EXERCISE DESCRIPTION
Begin at the line containing "French Hand Blown" and copy exactly through the last line of the listing, skipping every picture.

ENTRIES SUPPLIED
=== Begin Enclosure ===

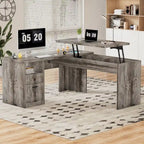 Bureau d'angle en L moderne style ferme avec plateau relevable, tiroirs pour dossiers et station de charge pour le bureau à domicile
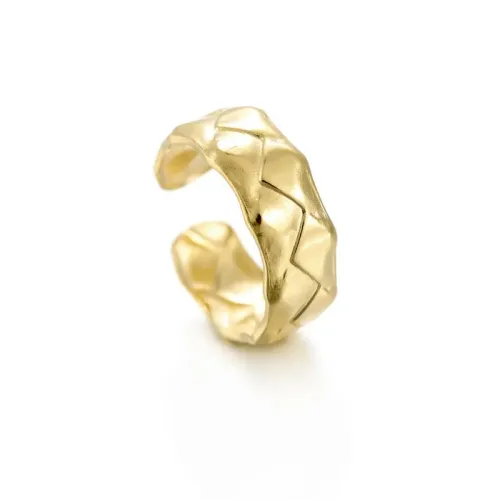 RTM2527 14K Gold-Plated Adjustable Women's Ring Irregular Embossed Stainless Steel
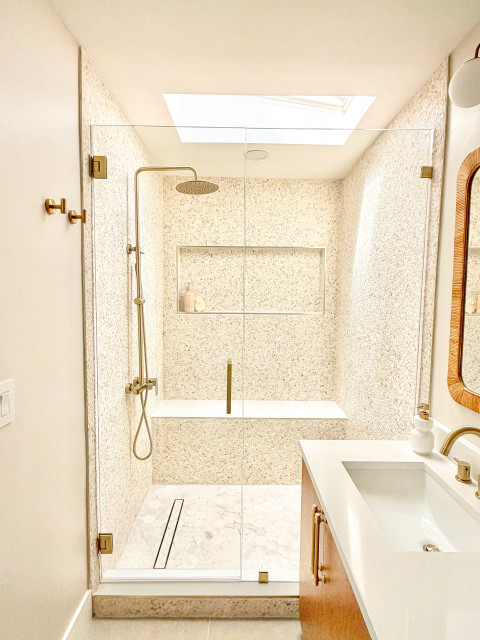 Luxurious Stone Skylight Primary Shower tropical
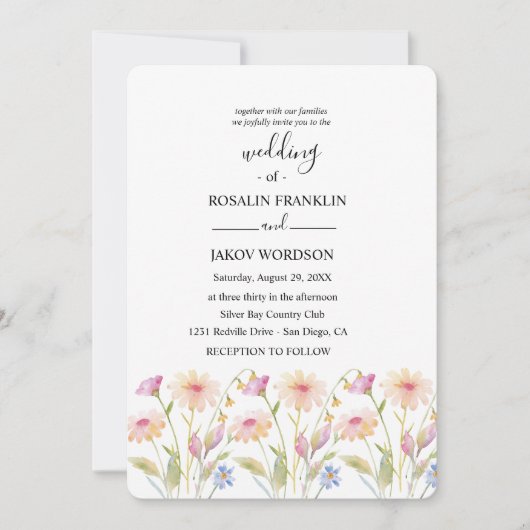 watercolor floral wedding  kaart (Voorkant)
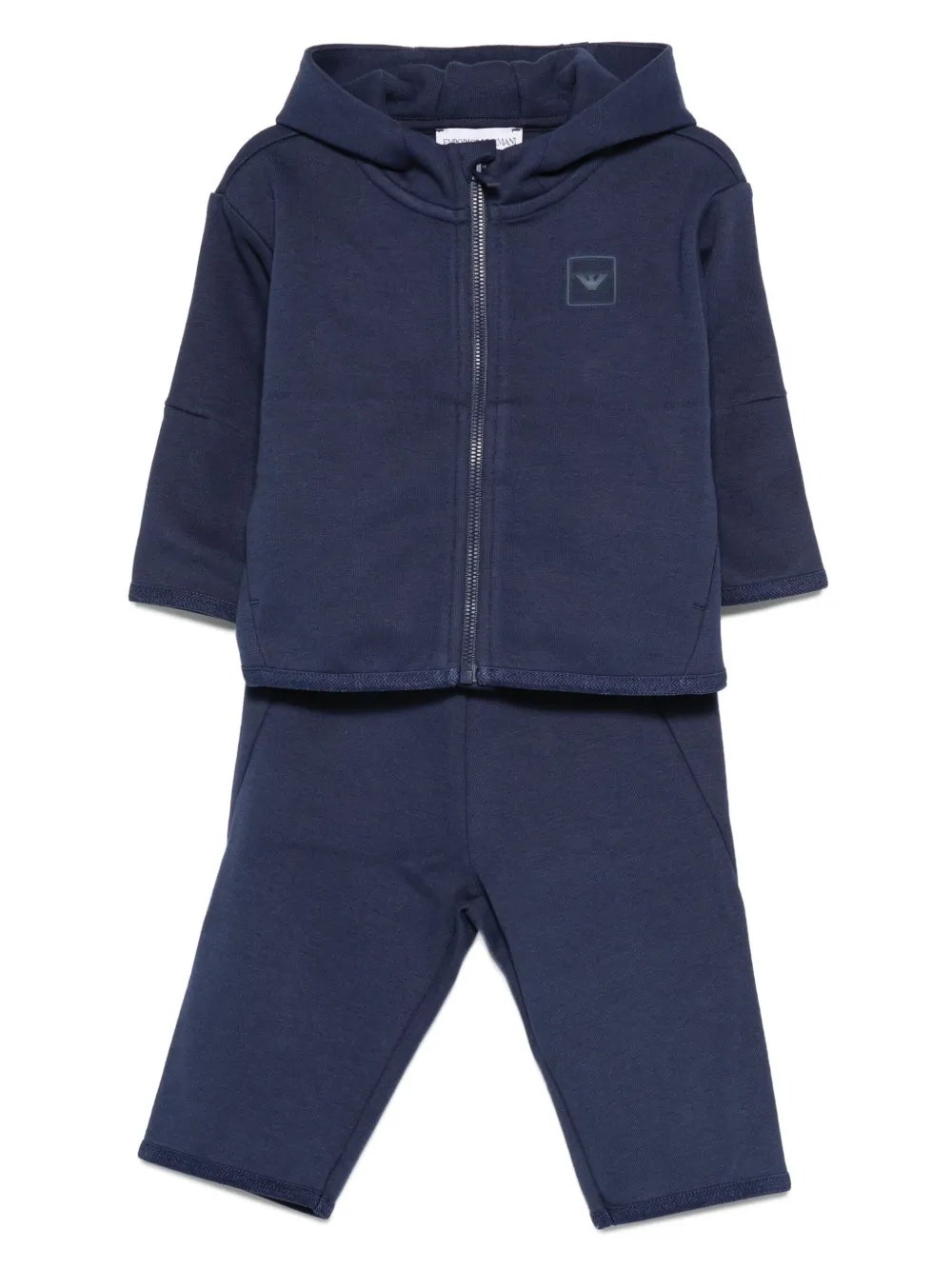 Emporio Ar i Kids logo-appliqué hooded tracksuit set Blauw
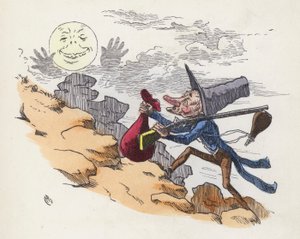 Homem escalando uma colina para atirar na Lua (gravura colorida) de Charles Henry (after) Bennett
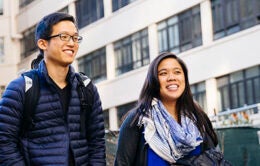 Man and woman walking at UCSF
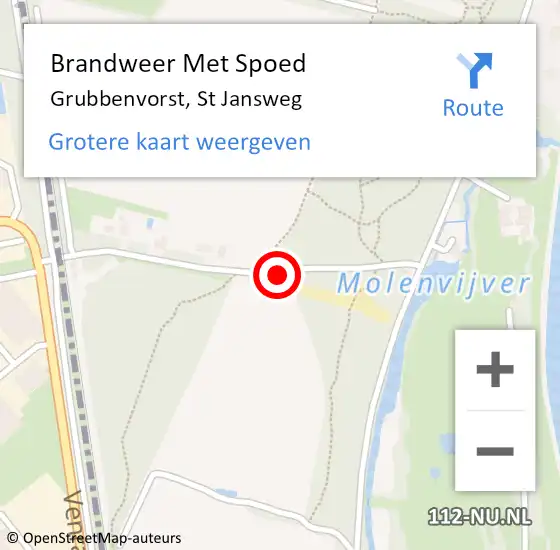 Locatie op kaart van de 112 melding: Brandweer Met Spoed Naar Grubbenvorst, St Jansweg op 4 mei 2018 09:19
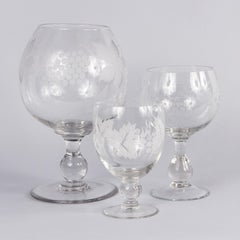 French Hand Blown Crystal Wine Glass, 20th Century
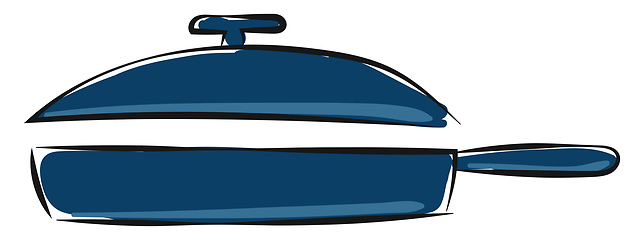 Image showing Clipart of a portable blue-colored brazier vector or color illus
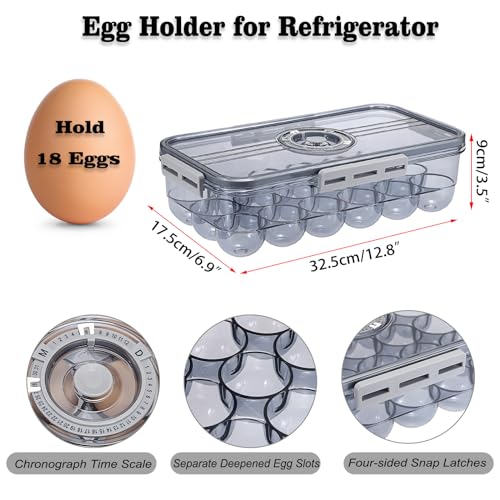 BSTKEY Egg Holder for Refrigerator, Egg Container with Time Scale, Egg Holder with Lid for Kitchen Storage, Stackable Tray for 18 Eggs - size: Hold 18 eggs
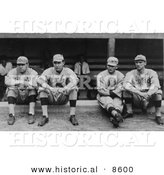 Historical Photo of Four Baseball Players, Babe Ruth, Ernie Shore, Rube Foster, and Del Gainer of the Boston Red Sox, Sitting Together - Black and White Version by Al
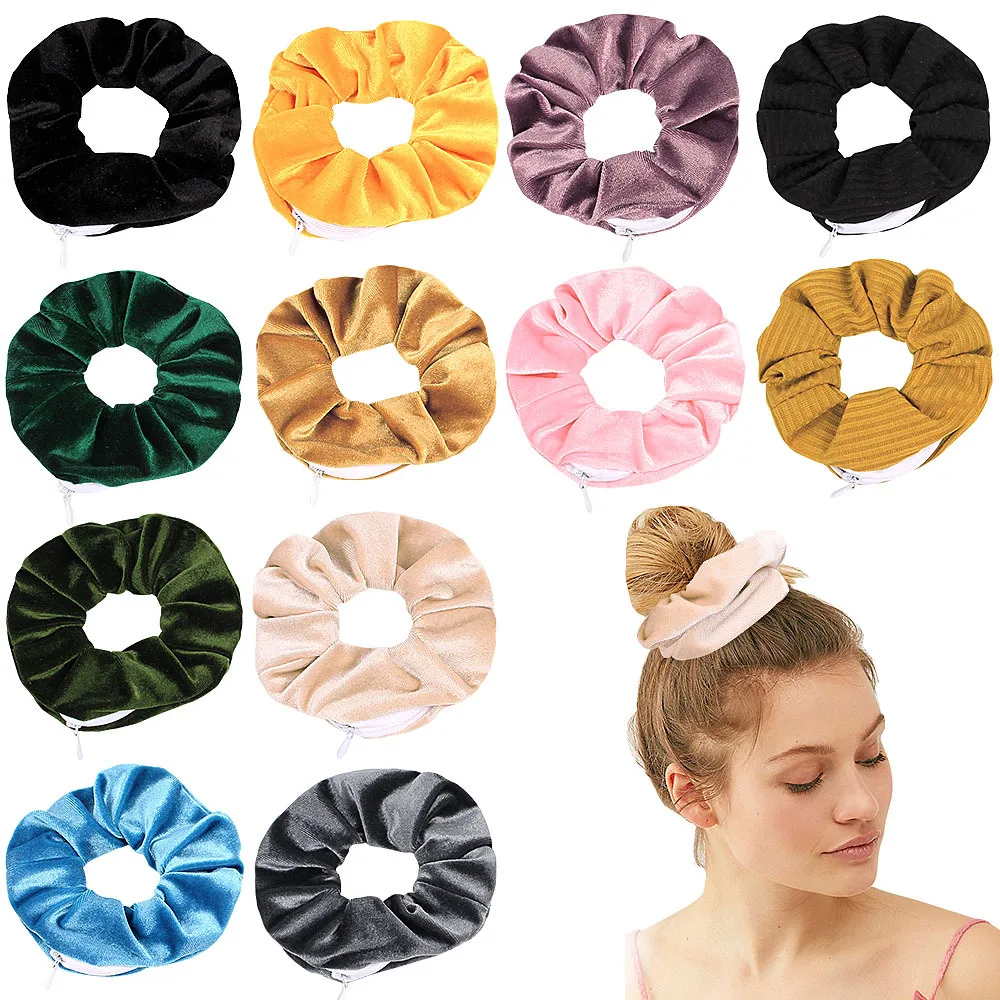 1PC Fashion New Velvet Pocket wallet Hair Scrunchies Retro Zipper Large Intestine Elastic Hair Band Hair Accessories Hot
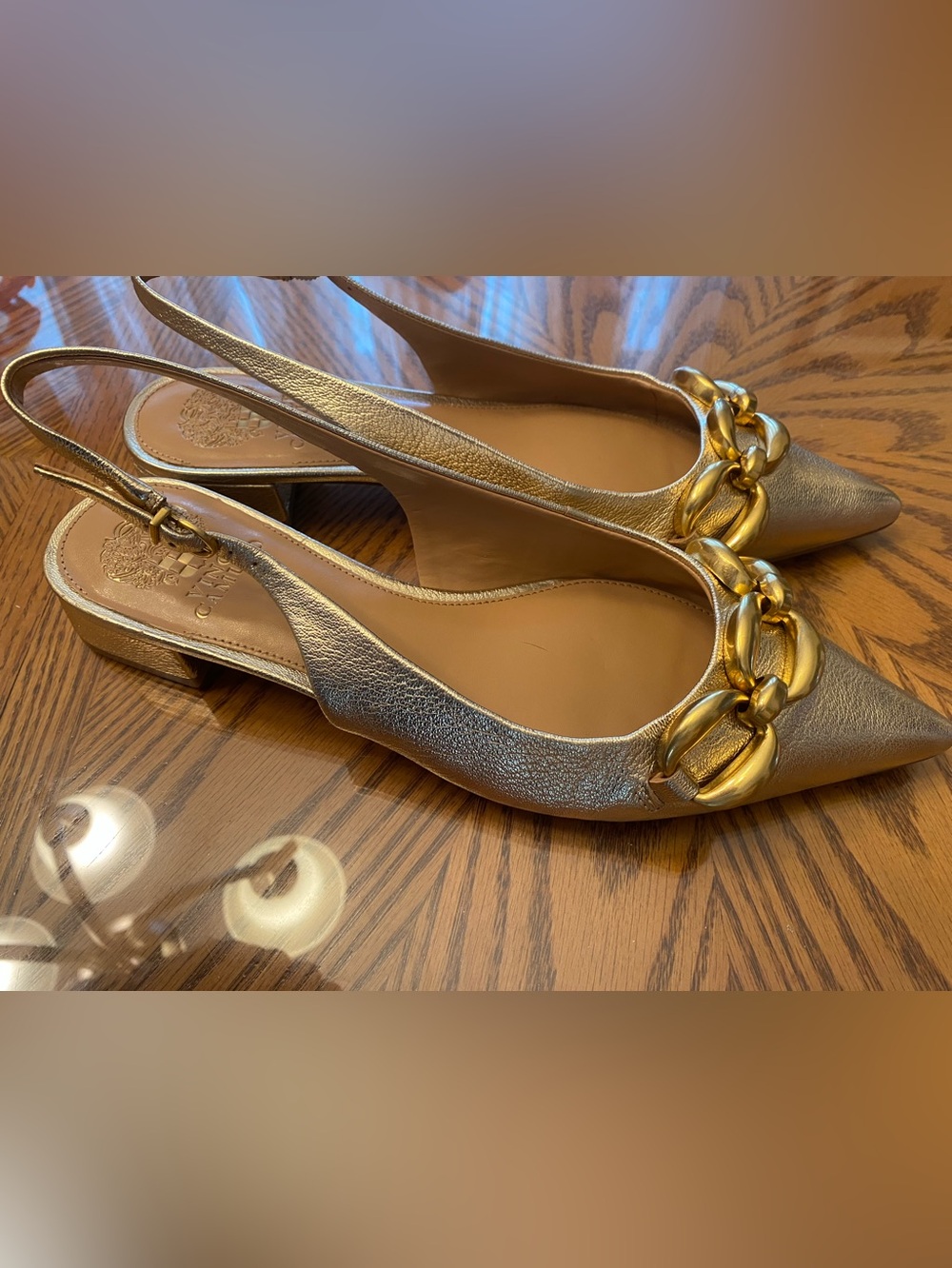 Vince Camuto Gold Metallic Pointed Slingback Flats with Chain Detail - Picture 3 of 4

=== End Enclosure ===

OUTPUT BELOW
 French Hand Blown Crystal Wine Glass, 20th Century
 Image showing Clipart of a portable blue-colored brazier vector or color illus
 BSTKEY Egg Holder for Refrigerator, Egg Container with Time Scale, Egg Holder with Lid for Kitchen Storage, Stackable Tray for 18 Eggs - size: Hold 18 eggs
 Historical Photo of Four Baseball Players, Babe Ruth, Ernie Shore, Rube Foster, and Del Gainer of the Boston Red Sox, Sitting Together - Black and White Version by Al
 1PC Fashion New Velvet Pocket wallet Hair Scrunchies Retro Zipper Large Intestine Elastic Hair Band Hair Accessories Hot
 Vince Camuto Gold Metallic Pointed Slingback Flats with Chain Detail - Picture 3 of 4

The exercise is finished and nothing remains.